Apollo can raise money through advertisement or include 3rd party subscriptions via the Apple Store to keep it running, but instead they choose to blackmail Reddit.

Reddit is going to do an IPO soon and investors want to see money, it is as simple as that.

Who do you think made Reddit?

Me and millions of others. We are Reddit. The community of people that freely donate their time to mod the subs, keep it going, clean, following the rules. Who benefits from that? The company trying to get it's IPO. They do nothing but provide the servers and pipe. They benefit 100% from users who ARE Reddit.
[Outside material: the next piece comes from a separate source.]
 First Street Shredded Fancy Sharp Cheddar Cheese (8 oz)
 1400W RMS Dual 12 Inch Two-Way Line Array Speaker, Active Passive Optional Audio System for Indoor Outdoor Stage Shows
Reddit is NOTHING without it's users. Please don't forget that. I'm pretty sure if Reddit pisses off enough people, there are plenty that can make Reddit non-existent for it.
 
What absolute nonsense. It’s clearly laid out that their idea of being paid for, an earning they would not have if the same users use their own product, is not viable to a developer of that size. But sure go right ahead and pretend that there would have been a reasonable solution in spite of the evidence.
And all of that for a comment on something you don’t even use or seem to have paid any attention to in detail. Posting spite outside of your interest zone must be an appealing hobby to some.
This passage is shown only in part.